だが、当初から、大臣の動機を懸念する向きがあった。今秋の政権交代をにらんで、次期政権の経済運営のバイブルにもなる「経済財政運営の基本方針(骨太方針2006)」に、竹中流の政策を盛り込み、大臣自身の地位保全に役立てようとしているというのである。
急造の私的懇談会に、ITとは無縁の学者らを集め、議事を非公開の秘密会合としたことも、懸念を増幅した。短期間にまともな報告を作れるのか疑問だし、作成できても抵抗勢力の説得は困難だからだ。
そして、竹中大臣の政府・与党内での急速な影響力の低下もあって、懸念は的中しそうだ。報告はきょう(9日)の審議を経て、16日にもまとまる予定だが、総務省関係者は、「『国民・利用者のための改革』は掛け声倒れ。大臣のやる気がうせたのか、中身を伴わない」と言う。
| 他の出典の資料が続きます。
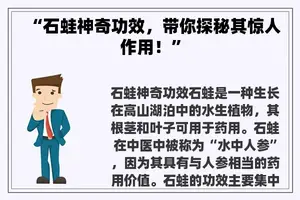 “石蛙神奇功效，带你探秘其惊人作用！”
肝心の内容は、(1)国際放送強化のための国費投入など、NHKの焼け太りを容認、(2)NTTの抜本的な「資本・構造分離」は中長期的課題として先送り、(3)英国が実施し、喫緊の課題とされた、独占の地域通信網分野とその他のブランドなどを変える「機能分離」の細目も盛り込まない――といったお粗末なものになりかねない情勢だ。
表向き沈黙を守り、竹中懇の自滅を待ったNTTの戦略は大成功だ。
NTTは内々ながら、6月に2期目の任期が満了となる和田紀夫NTT社長が、続投に必要な竹中大臣の承認を取り付けた。さらに、近く発表する決算は絶好調。数年来、電話が斜陽で経営が苦しいと主張し抜本改革の先送りを求めてきたが、お荷物のはずの基幹子会社NTT東西がそろって、数百億円規模の大増益を達成する見通し。大型増配も検討中。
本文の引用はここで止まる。